Istri saya mendapat pelecehan berupa chat di grup pertemanan kantornya, Sabtu, (13/8) silam.

Tidak hanya ramai di Twitter saja, postingan dalam akun instagram @folkative mendapatkan ratusan ribu like seusai memposting gambar bertuliskan,

Sukarela jadi model untuk kantor, karyawati ini dilecehkan di grup WA”, Senin (15/8).

Salah satu influencer @daviq-rizal ikut berkomentar,

Ah cuma bercanda, baper menjadi kata yang sering diucap pelaku pelecehan untuk mewajarkan. Tempuh jalur hukum biar kapok”, komentarnya (15/8).

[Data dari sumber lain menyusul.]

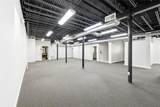 1301 Weatherford Street - Photo 19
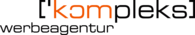 Kompleks Werbeagentur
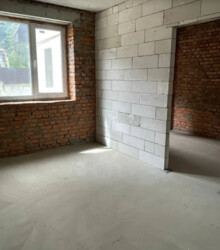 ������ 4 ����������� ��������� �, ��������� ���� 10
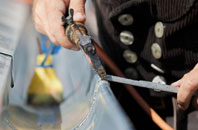 North Leverton With Habblesthorpe lead roof quotes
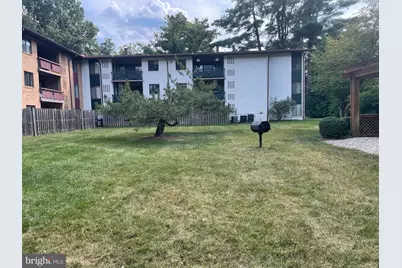 2845 Windsor Drive #302, Falls Church, VA 22042 - Photo 29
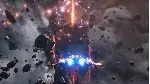 ✅ ❤ ️EVERSPACE™❤ ️XBOX ONE|XS🔑 КЛЮЧ✅ 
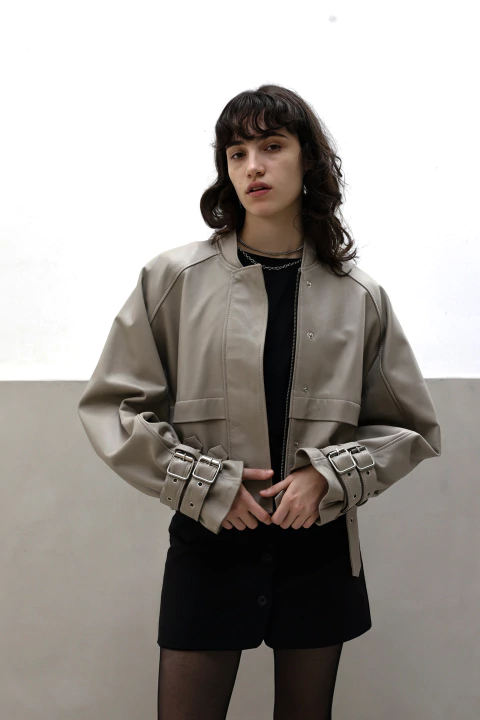 ESTOCOLMO VISON - comprar online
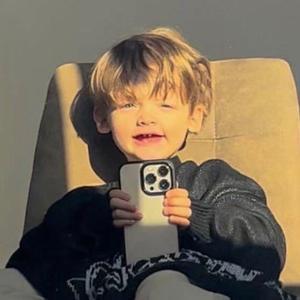 博学多才的Jason小乐头像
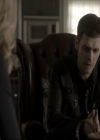 VampireDiariesWorld_dot_nl-TheOriginals_2x10GonnaSetYourFlagOnFire0164.jpg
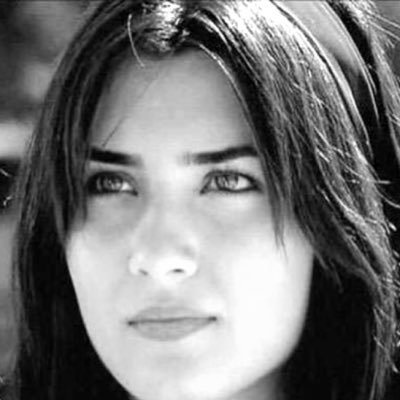 rt2018rt's profile picture.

Lantas bagaimana pandangan hukum terkait fenomena tersebut? Apa benar pelakunya dapat dikenakan hukum pelecehan verbal?

Hukum Pelecehan Verbal

Di Indonesia pelecehan verbal masuk dalam ranah tindak pidana. Pelakunya dapat dijerat pasal pencabulan Pasal 289 sampai 296 Kitab Undang-Undang Hukum Pidana (KUHP) dan Pasal 310 hingga 315 KUHP tentang perbuatan yang tidak menyenangkan.

Sanksinya sendiri diatur dalam pasal 218 KUHP yakni pelaku pelecehan verbal di tempat umum akan dijatuhi hukuman penjara maksimal 2 tahun 8 bulan.

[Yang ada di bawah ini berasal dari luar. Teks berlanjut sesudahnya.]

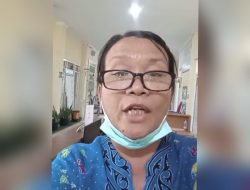 Oknum ASN Dinkes Bongkar Borok Korupsi, Calon Bupati Mulai Ketakutan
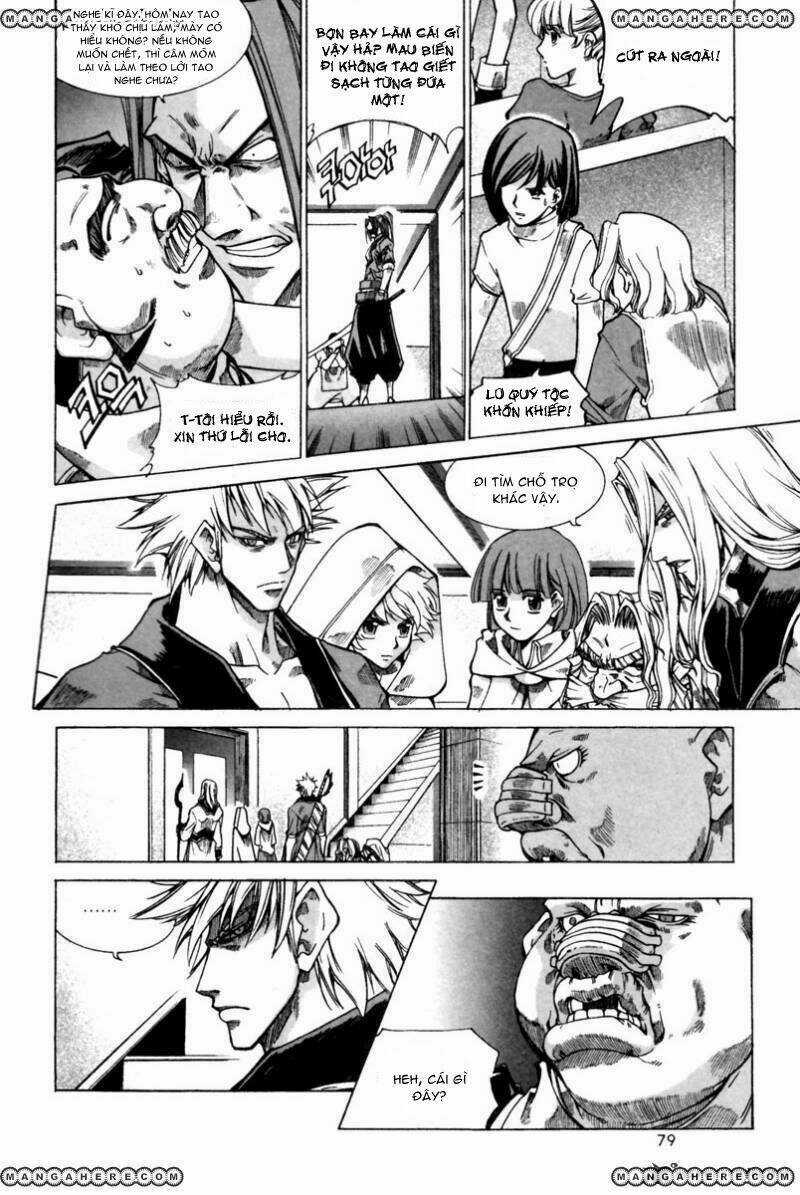 Id Chapter 143 trang 20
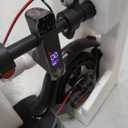 Hiboy S2/S2 MAX Electric Scooter, 350/500W Motor, 8.5/10" Tires, 17/40.4 Miles Range E Scooter, 19 Mph Folding Commuter Electric Scooter for Adults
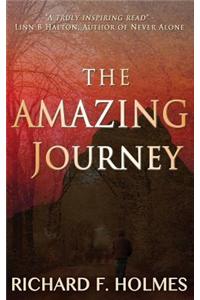 The Amazing Journey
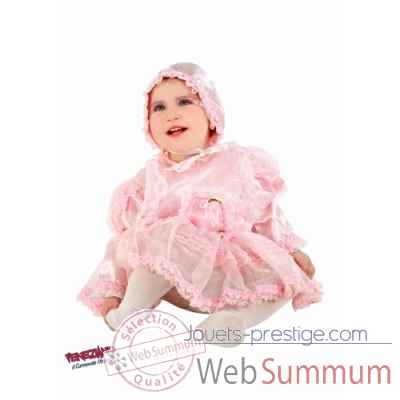 Sweet lulu ' rose Veneziano -2452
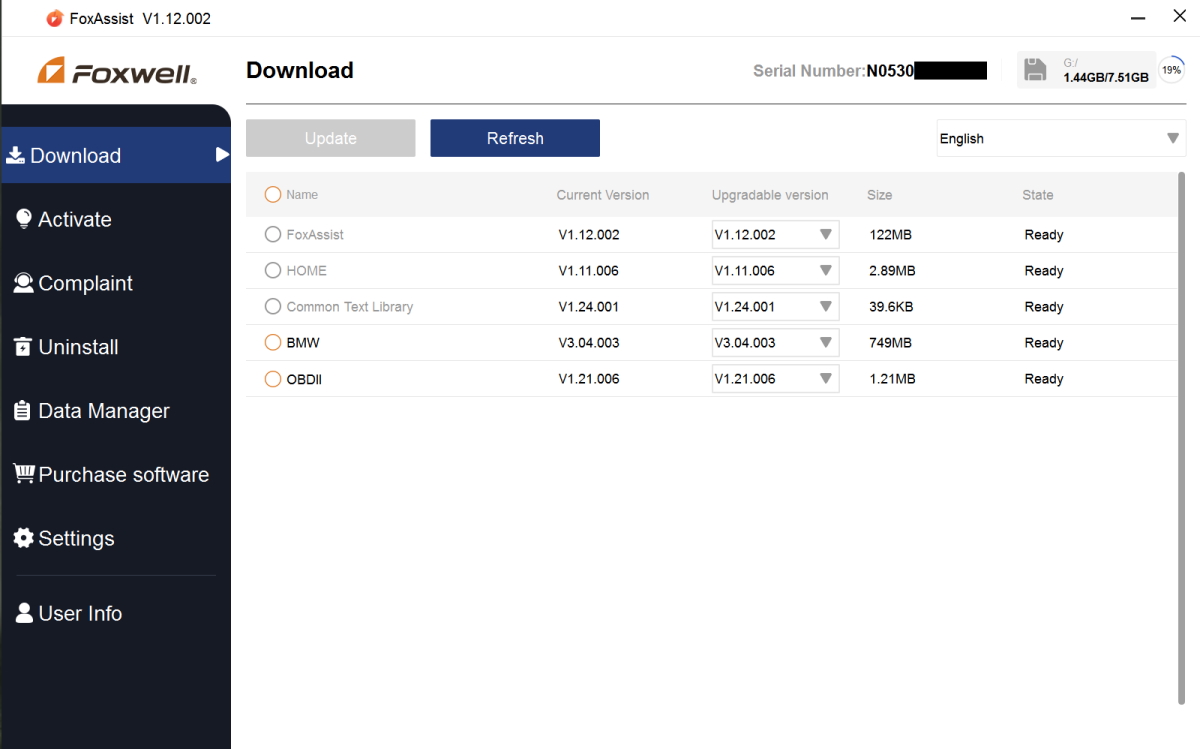 Name:  Foxwell.jpg
Views: 621
Size:  188.7 KB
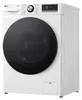 LG W4WR7096Y Lavatrice-asciugatrice 9 kg / 6 kg Anteprima dell’immagine prodotto 12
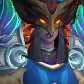 Lunariela avatar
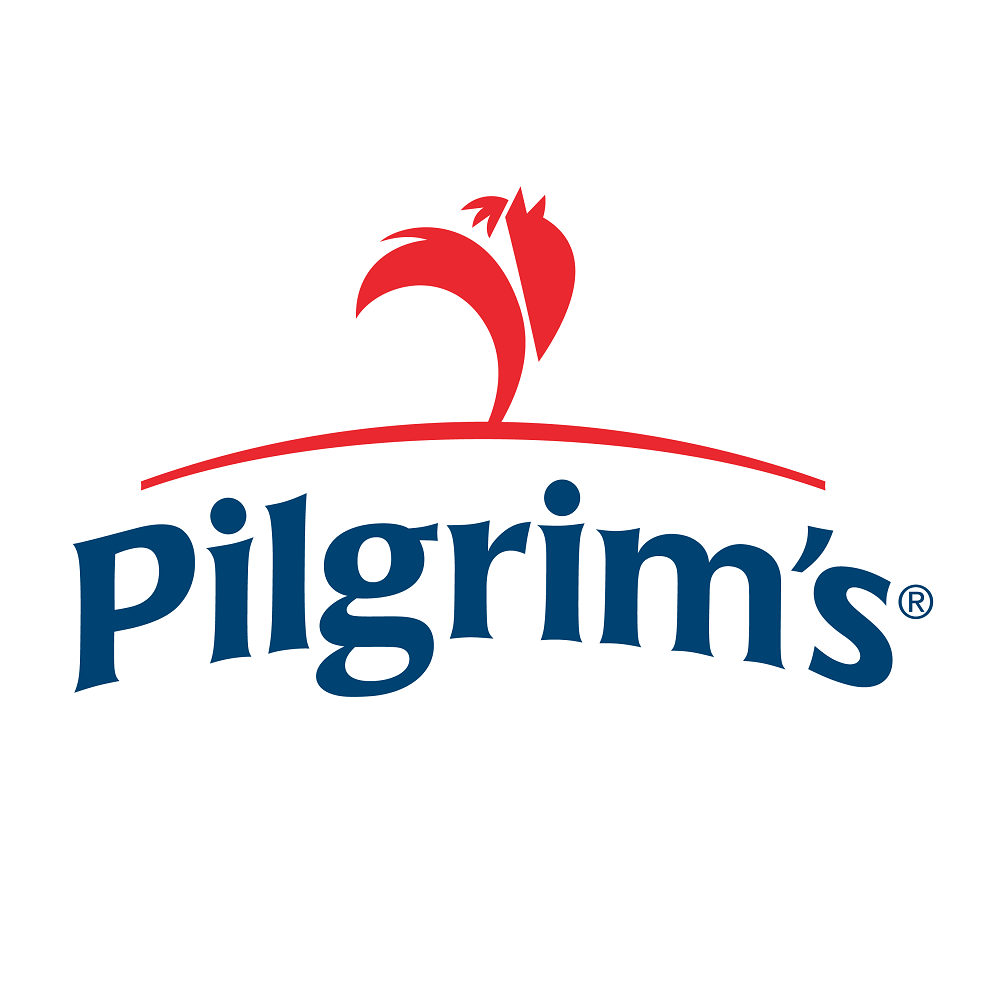 Home 86 Clayton Industries – Advanced Steam Boiler Technology Pilgrim_s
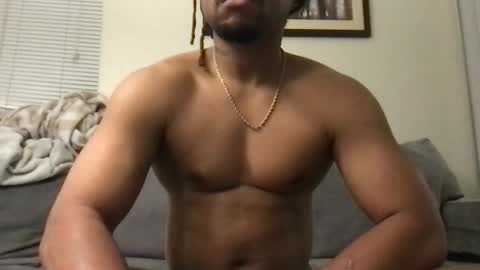 tungfuu online show from April 6, 4:42 am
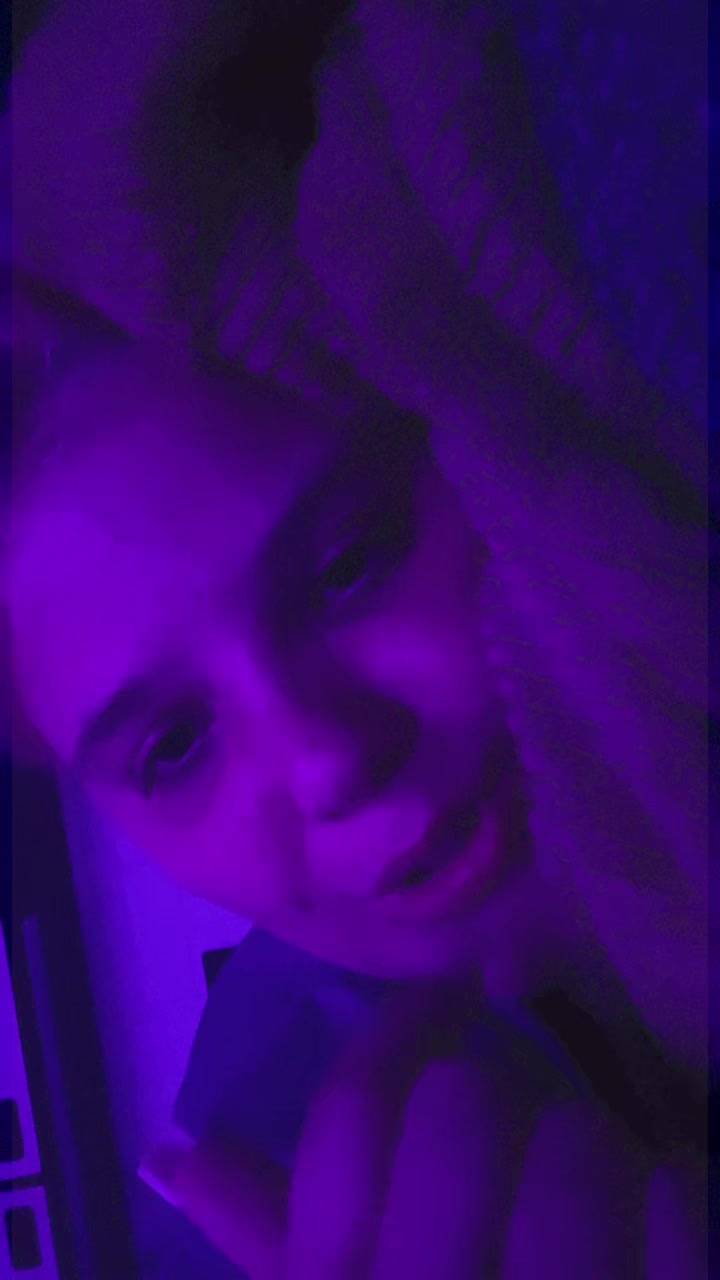 @alissa_e09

Sebagaimana contohnya ketika pelaku berkomentar vulgar atau berbau pornografi kepada lawan jenisnya, baik itu disampaikan secara langsung maupun melalui platform digital seperti WhatsApp, maupun komentar di media sosial seperti berkata “sexy”,“montok” dapat dijerat pasal 315 KUHP.

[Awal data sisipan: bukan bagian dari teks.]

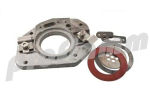 Rotex Retrofit set GSU N2 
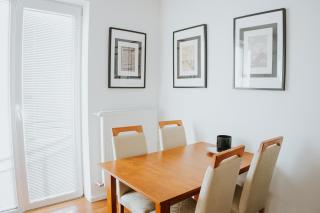 Apartmán Kukorelli - 6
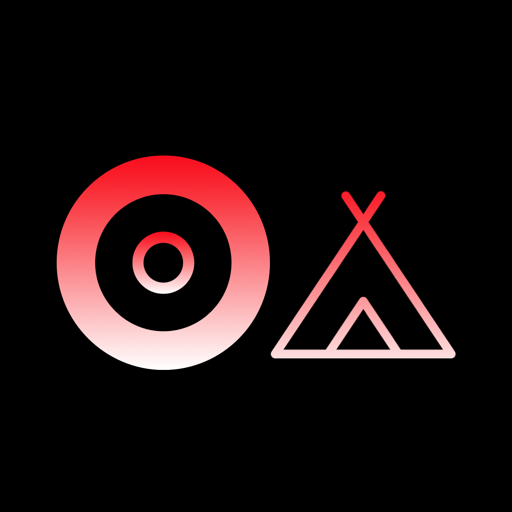 Empoorio Warehouse Icon
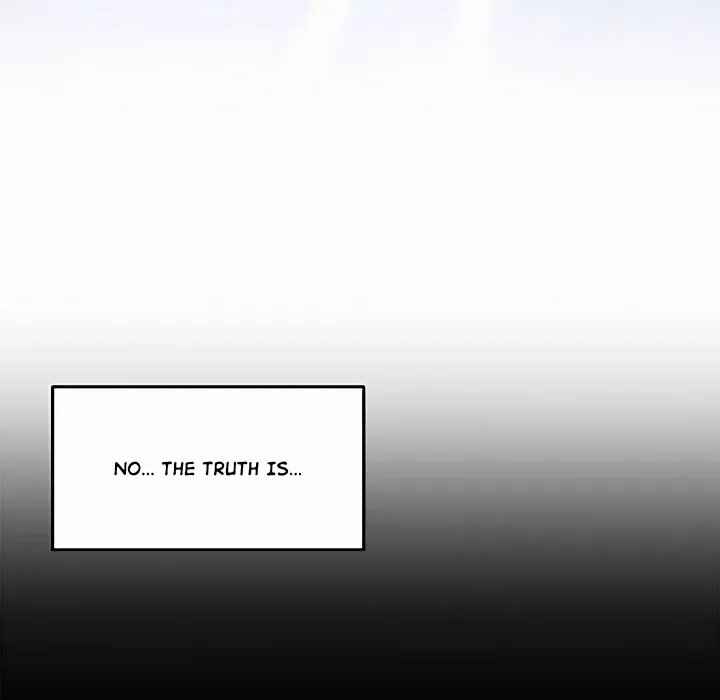 NEW  Geumnam Talk Room Page 49 - MangaHe
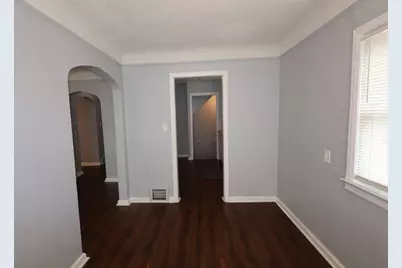 11684 Prest Street, Detroit, MI 48227 - Photo 27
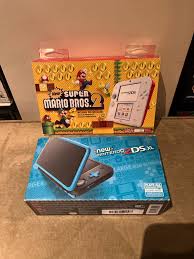 Shoppers Drug Mart Game Consoles: A Shocking Surprise?
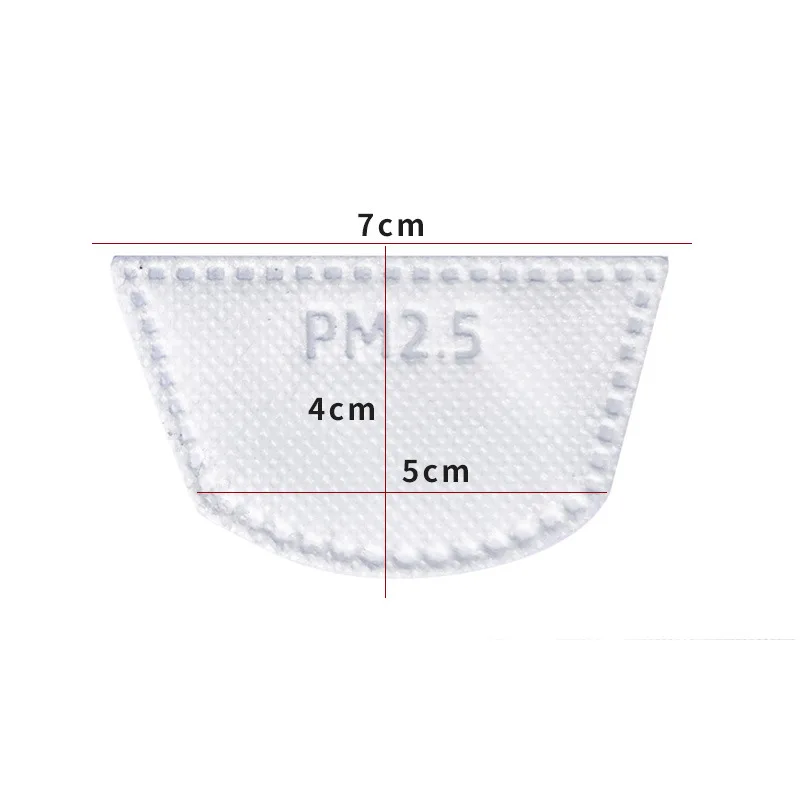 Masque facial complet coupe-ve - Sheet Face Mask Pack avis et prix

Pun demikian bagi pelaku yang sengaja di depan orang lain melanggar kesusilaan, bisa dijerat hukuman penjara paling lama 4 bulan.

Tidak hanya itu saja bahkan tindakan bersiul bisa masuk dalam kategori pelecehan verbal apabila digunakan untuk menggoda perempuan.

Catcalling dapat dijerat ke dalam pasal 289 – 296 KUHP termasuk perbuatan yang melanggar rasa kesusilaan.

Dengan aturan yang sudah jelas, maka sangatlah disayangkan apabila masih ada beberapa oknum yang mewajarkan adanya guyonan mesum. Karena selain melanggar aturan, catcalling juga memberikan efek buruk bagi korban.

Dampak Catcalling

Dampak buruk diantaranya seperti adanya rasa malu, rasa tidak aman, bahkan dapat menimbulkan gangguan kesehatan mental bagi korbannya.

Telaah dari banyaknya pro-kontra terkait guyonan mesum atau catcalling tersebut, sebagai masyarakat yang taat hukum kita harusnya lebih bijak dalam bertindak dan berucap.

Saran saya, sangatlah diperlukan kerjasama antara laki-laki dan perempuan untuk menghentikan eksistensi catcalling. Apalagi melihat dari banyaknya dampak negatif yang ditimbulkannya.

Maka marilah kita saling menjaga kehormatan satu sama lain. Sehingga, diharapkan mampu tercipta lingkungan yang suportif, aman, dan nyaman.